### Exercise aim
Reproduce exactly the lines from the one containing "Teal, langärmeliger V-Ausschnitt-Pullover" through the last line of the records below, both included. Leave out any pictures.

### Dataset
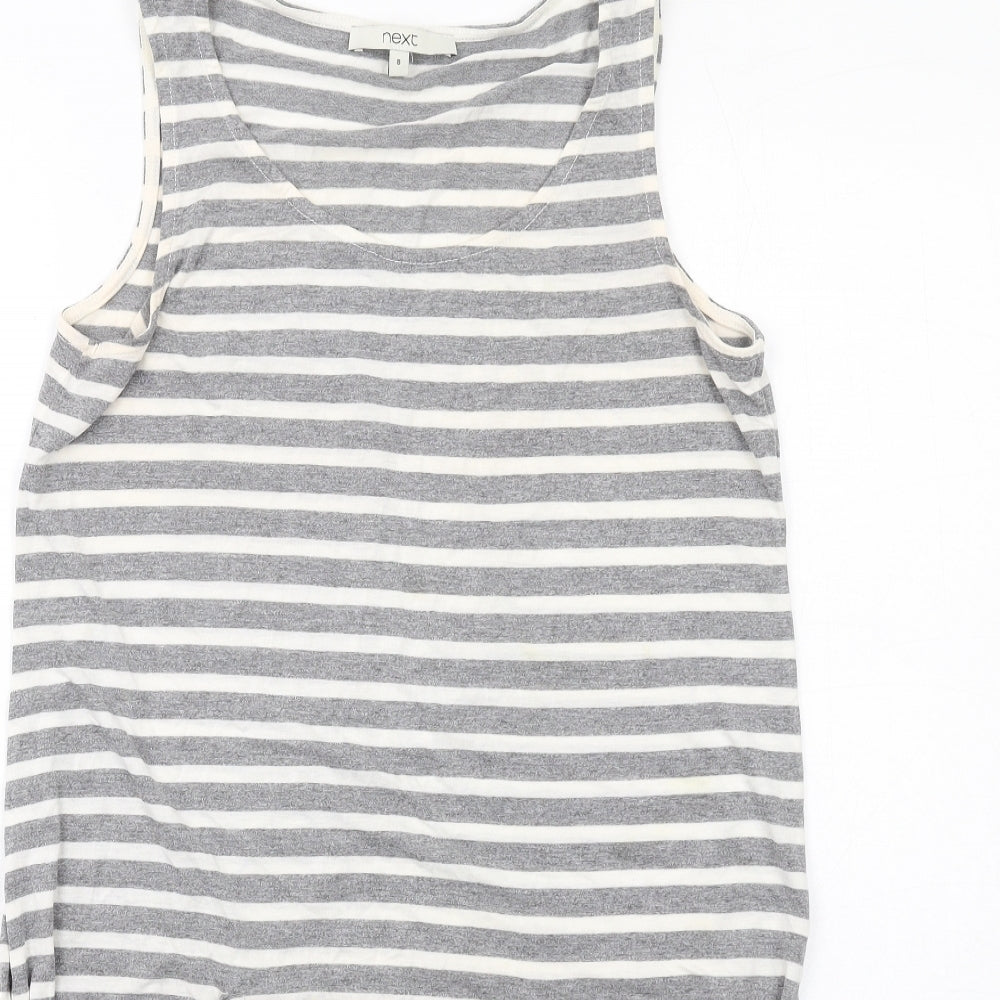 NEXT Womens Grey Striped Viscose Tunic Tank Size 8 Boat Neck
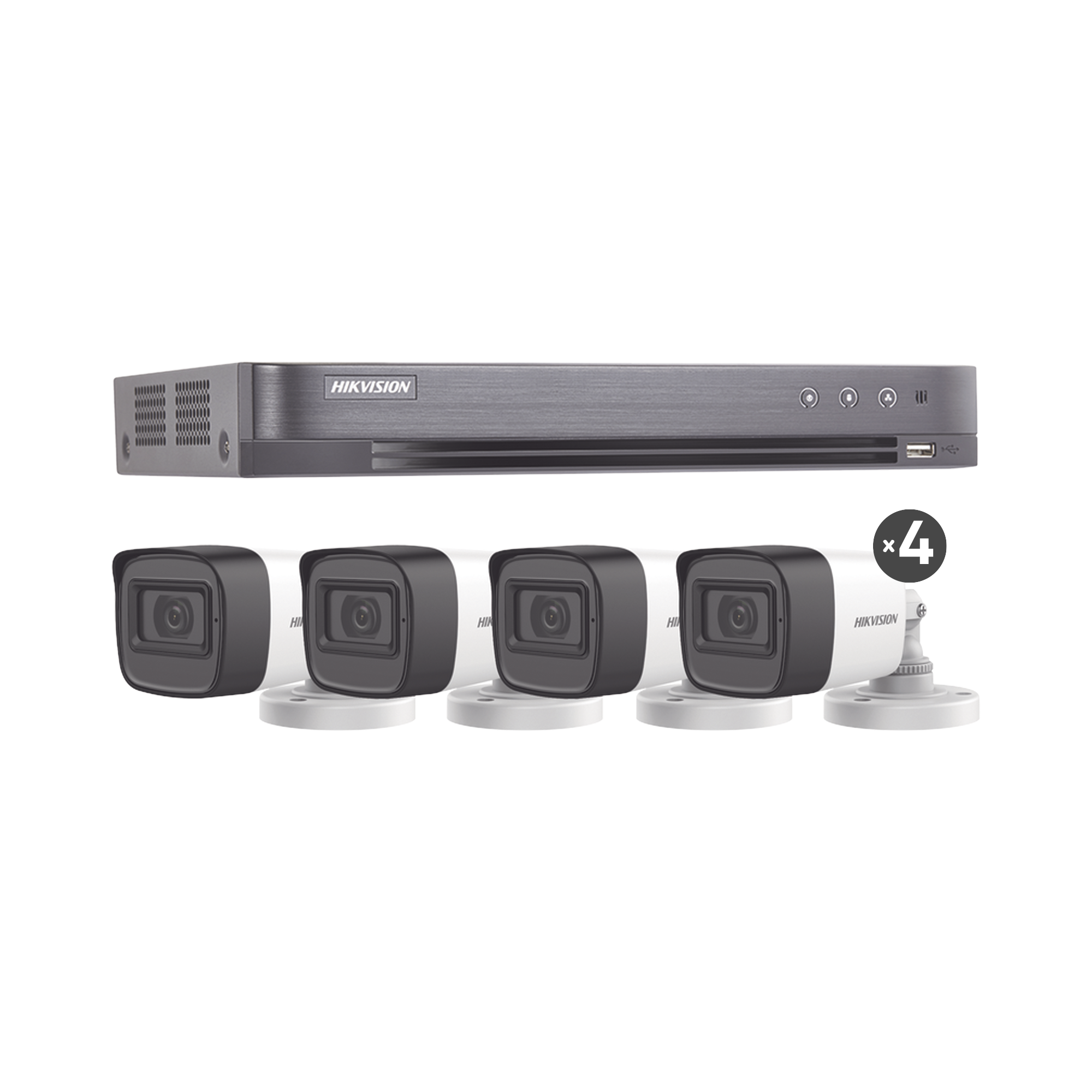 (MICRÃFONO INTEGRADO) KIT TURBOHD 5 Megapixel / DVR 4 Canales / 4 CÃ¡maras Bala con MicrÃ³fono Integrado (exterior 2.8 mm) / Fuente de Poder / Accesorios de InstalaciÃ³n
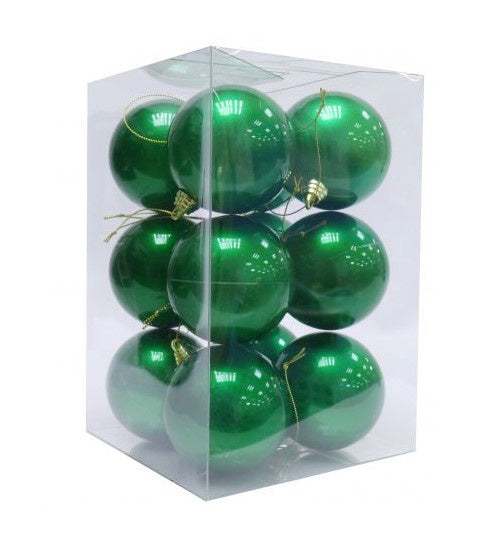 Baubles 70mm 12 Pk UV Stable Green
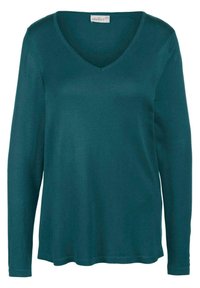 Teal, langärmeliger V-Ausschnitt-Pullover aus geripptem Strickstoff. Verfügt über einen lässigen Schnitt und subtile Details an den Ärmeln.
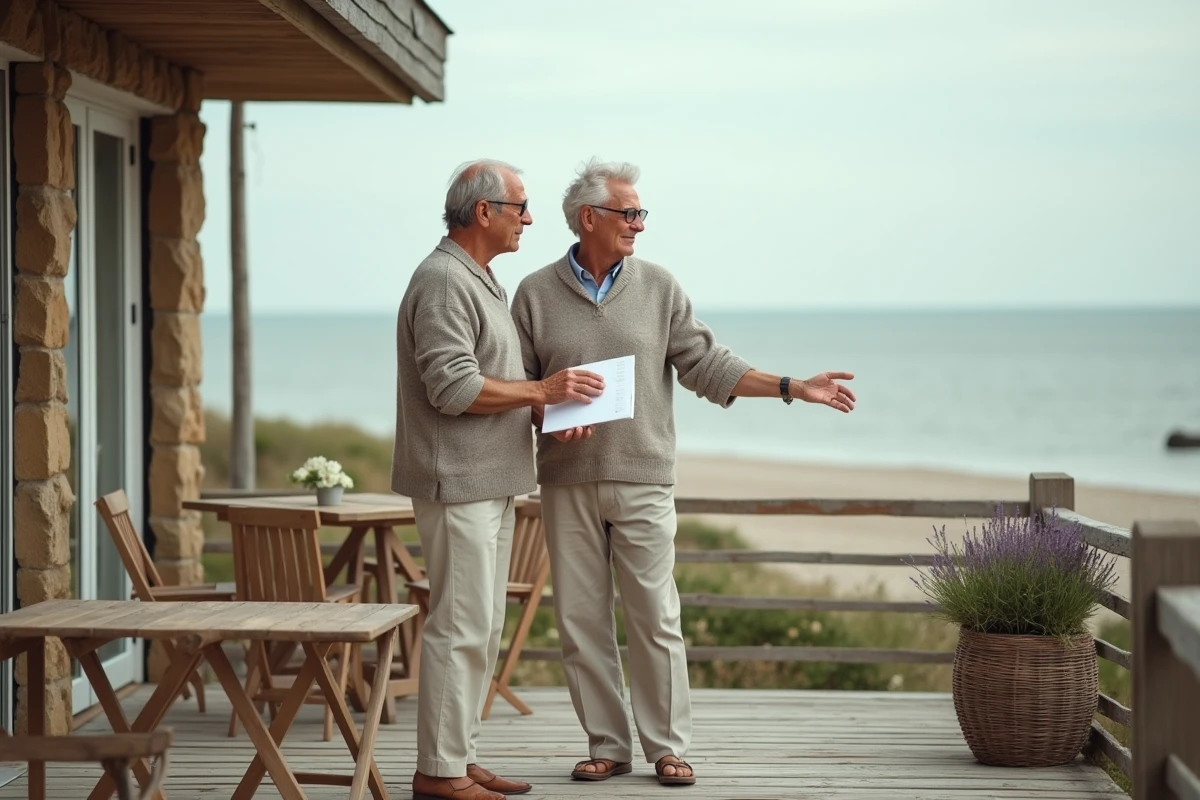 Couple visitant une maison en vente au bord de mer en Normandie sur une terrasse avec vue sur la plage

### Response area
 Teal, langärmeliger V-Ausschnitt-Pullover aus geripptem Strickstoff. Verfügt über einen lässigen Schnitt und subtile Details an den Ärmeln.
 Couple visitant une maison en vente au bord de mer en Normandie sur une terrasse avec vue sur la plage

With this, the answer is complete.